Data collection was conducted in participants’ homes and other community locations from November 2018 to December 2019. Time from completion diagnostic resolution following to completion of the qualitative interview ranged from 5–45 months (Mean = 25.11, Standard Deviation = 11.36). Upon traveling to participants’ preferred location for in-person meetings, members of the Boston University-based research team reviewed consent information and obtained verbal consent prior to each interview. Research staff conducted semi-structured individual interviews (approximately 60 minutes) with one primary caregiver of each participating family. Qualitative interviews were recorded, transcribed verbatim, and checked for accuracy. Interviews conducted in Spanish were translated to English to allow for systematic coding by all members of the research team. Translations were checked by bilingual/bicultural research team members for translation accuracy. Participants were compensated $50. This study was approved by the Boston University Medical Campus Institutional Review Board.

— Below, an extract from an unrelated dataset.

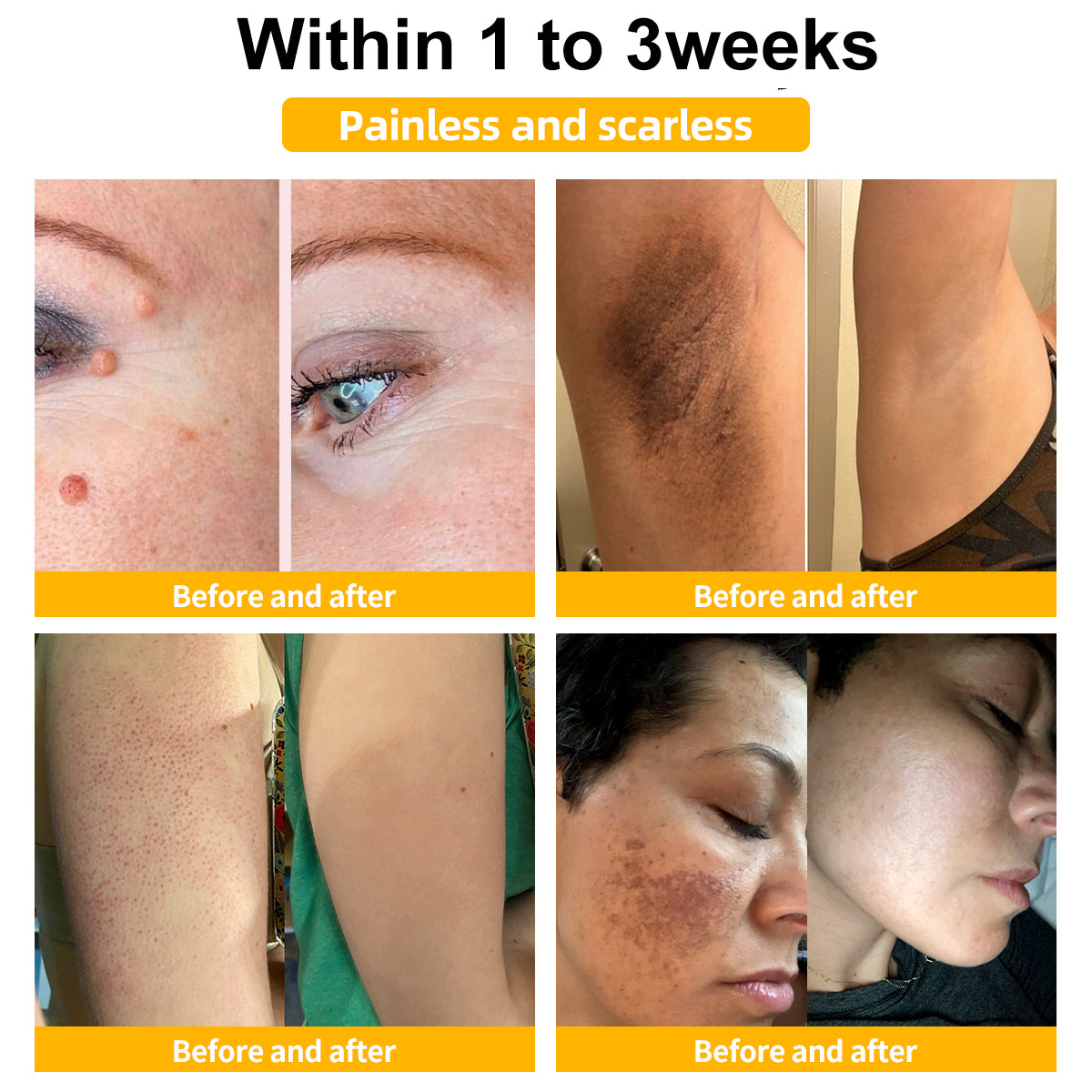 🍃[👨‍⚕AAD RECOMMENDS]  Bee Venom Mole and Wart Treatment Cream🔥Limited time 50% OFF🔥( Suitable for use byindividuals of all ages)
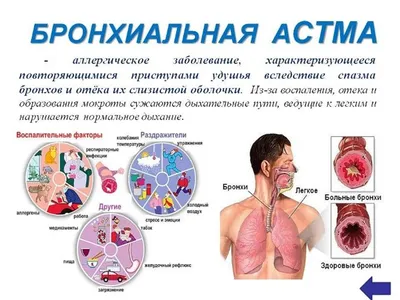 Фотографии бронхов человека: определите размер и формат перед загрузкой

Qualitative Interview Description
Participants completed in-depth semi-structured individual interviews in English (N= 20) and Spanish (N= 6). Interviews included open-ended questions about experiences with developmental screening and related services, descriptions of family involvement and social support, and recommendations on how the autism screening and evaluation process can be improved. Example interview questions included: “Tell me about your experience discussing the screening results and recommendations with family members, friends, or other people” and “In what ways did the screening result and related services affect your relationships with your family members?”. Throughout data collection, the interview guide evolved to incorporate emerging findings.
Data Analysis
Interview transcripts were entered into NVivo 12 software25 and systematically coded by research team members (A.O.B., J.E., D.K. & N.D.C.) with close oversight by an advanced qualitative methodologist with expertise in culture, autism, and child development (K.L.). The initial coding structure was drafted based on the interview guide. The coding structure included detailed instructions on when to apply each code with exceptions and examples. To ensure inclusion of findings that emerged from interviews, a subset of transcripts (N=6) were coded collectively by all members of the coding team. Minor additional changes were made to the coding structure while coding additional transcripts to account for newly emerging findings. All transcripts were coded using the finalized coding structure. Twenty percent of transcripts were double coded, and inter-coder concordance was calculated at 86% by dividing the number of concordant codes by the total number of codes assigned to each interview transcript.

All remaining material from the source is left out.